Exercise description =
Although the data below holds other lines too, output only those from the line with "Раскраска Девочка в" up to and including the line with "Framed Wall Art: Watercolor", exactly as they appear.

Extracted information =

-- Opening Marker --

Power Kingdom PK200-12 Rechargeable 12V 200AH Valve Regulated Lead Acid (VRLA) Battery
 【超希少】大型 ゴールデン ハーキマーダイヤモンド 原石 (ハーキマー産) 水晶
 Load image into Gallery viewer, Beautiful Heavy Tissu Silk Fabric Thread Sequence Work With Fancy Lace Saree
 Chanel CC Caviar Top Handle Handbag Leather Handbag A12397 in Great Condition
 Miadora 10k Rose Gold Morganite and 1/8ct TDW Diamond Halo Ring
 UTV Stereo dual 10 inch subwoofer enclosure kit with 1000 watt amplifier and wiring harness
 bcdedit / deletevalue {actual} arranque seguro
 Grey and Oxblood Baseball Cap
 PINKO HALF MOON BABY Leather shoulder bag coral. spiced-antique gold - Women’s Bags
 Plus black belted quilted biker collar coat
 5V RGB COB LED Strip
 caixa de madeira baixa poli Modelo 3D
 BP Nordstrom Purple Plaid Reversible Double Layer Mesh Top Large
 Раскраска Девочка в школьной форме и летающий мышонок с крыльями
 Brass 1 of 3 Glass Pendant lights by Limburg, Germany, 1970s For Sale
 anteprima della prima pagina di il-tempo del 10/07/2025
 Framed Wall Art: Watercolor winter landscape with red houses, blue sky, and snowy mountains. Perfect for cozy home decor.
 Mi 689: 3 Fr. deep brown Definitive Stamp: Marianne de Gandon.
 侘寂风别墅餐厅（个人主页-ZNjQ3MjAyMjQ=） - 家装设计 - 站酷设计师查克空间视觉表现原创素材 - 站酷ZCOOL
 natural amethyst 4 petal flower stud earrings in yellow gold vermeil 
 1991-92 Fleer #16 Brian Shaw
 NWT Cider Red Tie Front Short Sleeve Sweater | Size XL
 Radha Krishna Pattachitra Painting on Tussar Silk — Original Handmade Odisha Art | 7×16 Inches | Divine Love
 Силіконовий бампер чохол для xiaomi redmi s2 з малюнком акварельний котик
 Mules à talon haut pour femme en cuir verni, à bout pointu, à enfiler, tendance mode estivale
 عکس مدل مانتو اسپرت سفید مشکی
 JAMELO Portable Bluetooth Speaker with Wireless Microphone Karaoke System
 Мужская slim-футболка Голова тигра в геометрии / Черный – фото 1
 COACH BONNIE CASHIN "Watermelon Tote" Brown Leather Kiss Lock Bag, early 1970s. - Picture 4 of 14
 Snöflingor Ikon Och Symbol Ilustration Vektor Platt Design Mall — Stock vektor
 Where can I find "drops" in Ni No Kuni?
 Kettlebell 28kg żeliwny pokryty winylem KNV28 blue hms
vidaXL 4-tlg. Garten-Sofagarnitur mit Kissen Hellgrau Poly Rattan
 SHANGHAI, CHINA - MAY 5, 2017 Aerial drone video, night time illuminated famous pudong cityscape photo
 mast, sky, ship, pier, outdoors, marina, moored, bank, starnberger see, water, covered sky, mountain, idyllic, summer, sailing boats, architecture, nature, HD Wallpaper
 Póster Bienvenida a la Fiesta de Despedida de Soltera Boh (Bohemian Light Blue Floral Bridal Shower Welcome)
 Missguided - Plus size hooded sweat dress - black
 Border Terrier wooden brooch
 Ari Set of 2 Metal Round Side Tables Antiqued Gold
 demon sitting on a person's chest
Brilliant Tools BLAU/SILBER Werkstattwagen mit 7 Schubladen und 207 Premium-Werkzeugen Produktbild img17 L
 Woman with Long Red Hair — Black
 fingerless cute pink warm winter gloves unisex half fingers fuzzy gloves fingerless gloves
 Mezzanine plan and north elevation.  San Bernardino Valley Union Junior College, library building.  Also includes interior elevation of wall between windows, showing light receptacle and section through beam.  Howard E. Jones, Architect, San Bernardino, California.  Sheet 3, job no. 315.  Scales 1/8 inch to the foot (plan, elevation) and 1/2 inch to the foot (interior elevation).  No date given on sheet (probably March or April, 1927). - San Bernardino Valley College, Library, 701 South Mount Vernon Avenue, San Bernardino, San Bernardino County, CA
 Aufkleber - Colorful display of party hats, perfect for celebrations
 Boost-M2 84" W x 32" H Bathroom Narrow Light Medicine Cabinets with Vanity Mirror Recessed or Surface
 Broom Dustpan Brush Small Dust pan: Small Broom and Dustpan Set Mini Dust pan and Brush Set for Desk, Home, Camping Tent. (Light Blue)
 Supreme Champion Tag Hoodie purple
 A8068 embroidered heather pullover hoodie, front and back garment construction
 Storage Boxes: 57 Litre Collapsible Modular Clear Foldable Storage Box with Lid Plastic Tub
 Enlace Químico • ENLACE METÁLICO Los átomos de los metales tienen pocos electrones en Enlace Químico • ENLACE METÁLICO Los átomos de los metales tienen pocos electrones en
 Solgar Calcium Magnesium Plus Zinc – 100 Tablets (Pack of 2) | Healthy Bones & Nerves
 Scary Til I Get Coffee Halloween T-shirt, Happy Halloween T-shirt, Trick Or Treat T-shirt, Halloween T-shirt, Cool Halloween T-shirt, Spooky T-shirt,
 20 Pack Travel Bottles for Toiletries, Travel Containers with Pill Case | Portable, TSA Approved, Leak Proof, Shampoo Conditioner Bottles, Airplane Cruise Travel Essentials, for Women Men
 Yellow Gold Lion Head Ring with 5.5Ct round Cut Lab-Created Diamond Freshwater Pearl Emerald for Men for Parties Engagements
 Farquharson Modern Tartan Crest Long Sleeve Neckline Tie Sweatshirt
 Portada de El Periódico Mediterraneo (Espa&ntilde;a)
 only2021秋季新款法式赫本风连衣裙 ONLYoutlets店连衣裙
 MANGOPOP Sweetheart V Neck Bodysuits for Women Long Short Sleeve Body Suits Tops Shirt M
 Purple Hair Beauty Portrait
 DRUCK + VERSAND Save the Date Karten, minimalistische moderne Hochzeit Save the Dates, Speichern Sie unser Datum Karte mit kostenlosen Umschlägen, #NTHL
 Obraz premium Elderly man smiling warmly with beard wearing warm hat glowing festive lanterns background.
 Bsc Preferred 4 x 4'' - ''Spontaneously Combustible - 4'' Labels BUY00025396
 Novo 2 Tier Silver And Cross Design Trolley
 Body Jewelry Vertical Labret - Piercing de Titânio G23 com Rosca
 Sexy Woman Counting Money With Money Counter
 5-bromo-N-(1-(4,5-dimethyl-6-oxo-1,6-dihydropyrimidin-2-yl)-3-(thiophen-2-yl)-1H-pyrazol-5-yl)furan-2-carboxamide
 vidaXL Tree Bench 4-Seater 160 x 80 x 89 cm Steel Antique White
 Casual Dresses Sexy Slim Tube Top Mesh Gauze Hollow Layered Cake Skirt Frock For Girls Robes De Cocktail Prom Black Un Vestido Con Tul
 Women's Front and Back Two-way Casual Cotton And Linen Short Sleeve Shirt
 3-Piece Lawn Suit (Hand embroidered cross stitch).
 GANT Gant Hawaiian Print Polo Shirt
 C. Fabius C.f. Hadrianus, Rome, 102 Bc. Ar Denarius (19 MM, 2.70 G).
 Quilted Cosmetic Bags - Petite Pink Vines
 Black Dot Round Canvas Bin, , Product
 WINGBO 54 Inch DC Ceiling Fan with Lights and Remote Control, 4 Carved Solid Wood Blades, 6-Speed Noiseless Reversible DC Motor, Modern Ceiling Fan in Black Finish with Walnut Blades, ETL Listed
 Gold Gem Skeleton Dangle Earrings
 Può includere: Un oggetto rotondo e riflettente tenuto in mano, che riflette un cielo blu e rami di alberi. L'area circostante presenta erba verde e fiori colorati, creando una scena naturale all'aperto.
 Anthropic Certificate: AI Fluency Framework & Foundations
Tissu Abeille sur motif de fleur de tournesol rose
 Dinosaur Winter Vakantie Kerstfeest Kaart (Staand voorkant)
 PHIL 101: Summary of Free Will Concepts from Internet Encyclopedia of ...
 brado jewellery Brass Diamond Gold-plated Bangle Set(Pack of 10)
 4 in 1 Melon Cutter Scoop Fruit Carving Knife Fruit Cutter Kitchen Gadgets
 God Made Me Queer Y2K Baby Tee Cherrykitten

-- Closing Marker --

Exercise answer =
 Раскраска Девочка в школьной форме и летающий мышонок с крыльями
 Brass 1 of 3 Glass Pendant lights by Limburg, Germany, 1970s For Sale
 anteprima della prima pagina di il-tempo del 10/07/2025
 Framed Wall Art: Watercolor winter landscape with red houses, blue sky, and snowy mountains. Perfect for cozy home decor.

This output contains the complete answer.